Today Continuent is publishing the Tungsten Replicator, which provides advanced open source master/slave replication for MySQL. Publishing code is the first step to creating a robust alternative to current MySQL replication and will be followed by similar support for Oracle, PostgreSQL, and many other databases.

We started with master/slave replication on MySQL for a very simple reason: we know it well. And we know that while MySQL replication has many wonderful features like simple set-up, it also has many deficiencies that have persisted for a long time. Monty Widenius, a widely respected MySQL engineer, summarized some of the key problems last April:

- replication is not fail safe
- no synchronous options
- no checking consistency option
- setup and resync of slave is complicated
- single thread on the slave
- no multi-master
- only InnodDB synchronizes with the replication (binary) log

These issues are well-known to the MySQL community. Monty laid down a challenge, but we all know the community can write software that solves it. However, there’s a much bigger challenge out there. There are highly capable replication products produced by commercial vendors like Golden Gate, Quest, Oracle, Sybase, and others. They handle high availability, performance scaling, upgrade, heterogeneous replication, cross site clustering—you name it. Why aren’t these capabilities available in an open source product? Why doesn’t that open source product have the ease-of-use and accessibility MySQL is famous for?

The Tungsten Replicator is designed to answer that challenge. Here’s the initial feature set:
  • Simple set-up procedure
  • Master/slave replication of one, some, or all databases
  • MySQL statement replication
  • Proper handling of master failover in presence of multiple slaves
  • Checksums on replication events
  • Table consistency check mechanism
And here’s the roadmap:
  • Group communications-based management
  • Oracle support
  • PostgreSQL support
  • MySQL row replication
  • Heterogeneous replication
  • Multi-master via bi-directional replication with conflict resolution
  • Semi-synchronous replication
  • Parallel update on slaves to increase performance
  • Proxying support to reduce or eliminate application changes
We are implementing all of these features in a way that abstracts out platform and database differences.
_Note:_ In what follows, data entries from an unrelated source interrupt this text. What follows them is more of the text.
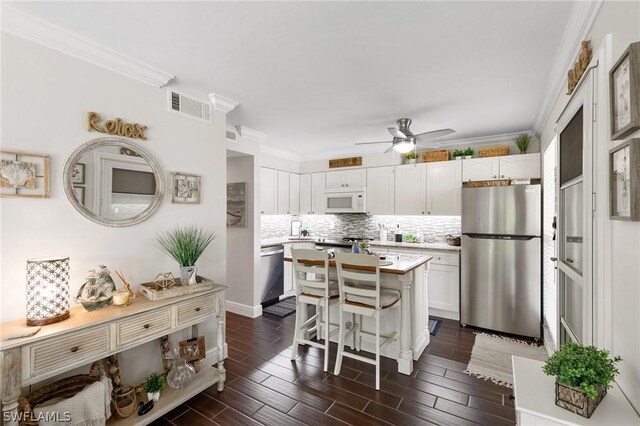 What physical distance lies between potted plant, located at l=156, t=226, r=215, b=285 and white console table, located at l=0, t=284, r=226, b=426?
212 mm

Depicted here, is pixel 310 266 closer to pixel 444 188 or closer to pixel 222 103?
pixel 222 103

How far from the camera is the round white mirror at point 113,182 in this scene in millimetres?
2027

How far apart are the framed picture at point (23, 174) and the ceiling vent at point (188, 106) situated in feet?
3.48

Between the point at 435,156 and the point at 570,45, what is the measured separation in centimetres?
264

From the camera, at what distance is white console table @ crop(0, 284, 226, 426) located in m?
1.44

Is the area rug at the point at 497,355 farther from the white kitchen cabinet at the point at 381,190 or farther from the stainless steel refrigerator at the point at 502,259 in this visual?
the white kitchen cabinet at the point at 381,190

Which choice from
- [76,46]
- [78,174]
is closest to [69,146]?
[78,174]

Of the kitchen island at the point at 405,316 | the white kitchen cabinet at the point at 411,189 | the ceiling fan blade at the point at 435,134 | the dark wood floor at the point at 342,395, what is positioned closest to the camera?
the dark wood floor at the point at 342,395

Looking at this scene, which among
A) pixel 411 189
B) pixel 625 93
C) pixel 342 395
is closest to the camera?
pixel 625 93

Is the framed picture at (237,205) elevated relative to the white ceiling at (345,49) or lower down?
lower down

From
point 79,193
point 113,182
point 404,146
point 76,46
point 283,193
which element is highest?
point 76,46

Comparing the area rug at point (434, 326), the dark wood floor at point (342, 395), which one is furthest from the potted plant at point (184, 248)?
the area rug at point (434, 326)

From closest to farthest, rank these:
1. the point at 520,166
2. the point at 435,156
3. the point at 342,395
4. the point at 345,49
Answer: the point at 345,49
the point at 342,395
the point at 520,166
the point at 435,156

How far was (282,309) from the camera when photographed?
176 inches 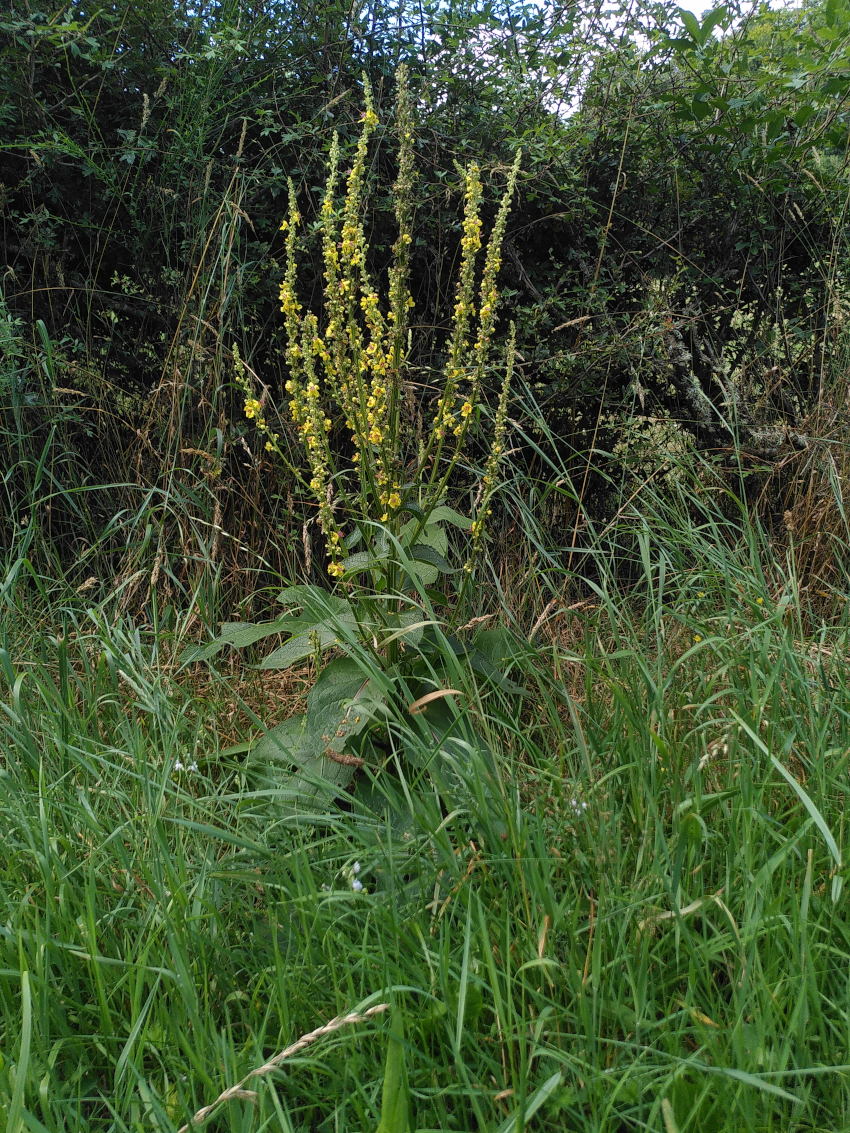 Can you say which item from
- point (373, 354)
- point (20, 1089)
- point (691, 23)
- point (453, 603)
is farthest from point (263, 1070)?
point (691, 23)

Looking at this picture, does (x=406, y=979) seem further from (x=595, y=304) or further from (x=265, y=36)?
(x=265, y=36)

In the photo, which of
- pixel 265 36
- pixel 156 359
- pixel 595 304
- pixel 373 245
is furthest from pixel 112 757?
pixel 265 36

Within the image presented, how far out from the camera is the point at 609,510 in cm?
350

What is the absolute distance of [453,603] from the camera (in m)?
2.76

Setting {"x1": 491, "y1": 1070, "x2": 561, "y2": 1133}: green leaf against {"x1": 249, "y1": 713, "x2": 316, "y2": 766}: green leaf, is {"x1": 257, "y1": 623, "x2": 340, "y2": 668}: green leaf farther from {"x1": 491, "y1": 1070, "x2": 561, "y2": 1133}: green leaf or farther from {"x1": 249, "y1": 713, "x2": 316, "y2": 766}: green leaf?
{"x1": 491, "y1": 1070, "x2": 561, "y2": 1133}: green leaf

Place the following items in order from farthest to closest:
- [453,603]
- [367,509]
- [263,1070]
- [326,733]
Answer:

The architecture is not just database-neutral--by making it possible to extract from one database type and push to another we lay a cornerstone for heterogeneous data transfer.

Tungsten Replicator is available on our community website at http://community.continuent.com. Stop by and check it out. The code is in the early stages but will mature very rapidly. You can help us guide it forward. We are looking forward to answering Monty’s challenge and going much further. We are looking forward to creating something that brings powerful replication within the reach of every database user.

11 comments:

Ronald Bradford said...

It's a pity I missed your webinar, but I'll be reviewing this in more detail.

Most interesting.

Ronald
http://ronaldbradford.com

Robert Hodges said...

Hi Ron,

Don't worry, we'll probably be talking about this until everyone is heartily sick of it. :) Seriously, thanks for checking it out. We're really interested in community opinion on this effort.

Robert

Mark Callaghan said...

How does this capture events on the MySQL master? From the architecture document, I think this tails the binlog on the master.

Robert Hodges said...

That's correct--we tail the binlog, assigning transaction IDs, and place the result in the transaction history log (THL), currently stored in the database. This addresses the problem of having fungible transaction IDs but for now inherits two-phase commit issues.

Anonymous said...

And how about SQLite support? It's very fast and quality database management system. There are a lot of installations of SQLite and relevant software.

Robert Hodges said...

That's a really interesting question about SQLite. I'm looking into whether we can support it. Thanks for posting!

burtonator said...

I couple of feature suggestions from the problems we've run into at Spinn3r:

1. make it fully crash safe, optionally using transactions to store metadata on transactional storage engines.

You'll probably have to replace your use of the binlogs as this is one of the problems with the current replication setup.

The current MySQL replicator is not crash safe.

2. Checksums (which you already have)

.... some more thoughts.

The parallel update on slave feature ROCKS and will probably push me to try it out.

Robert Hodges said...

Thanks for the suggestions! I'm already thinking about how to get off binlogs but for now we are using them initially because they are easy to read. Other databases like Oracle and PostgreSQL don't have the consistency issues but are far harder to parse.

Parallel update will be more practical once we have row replication. Currently we are reading statements. This will change soon.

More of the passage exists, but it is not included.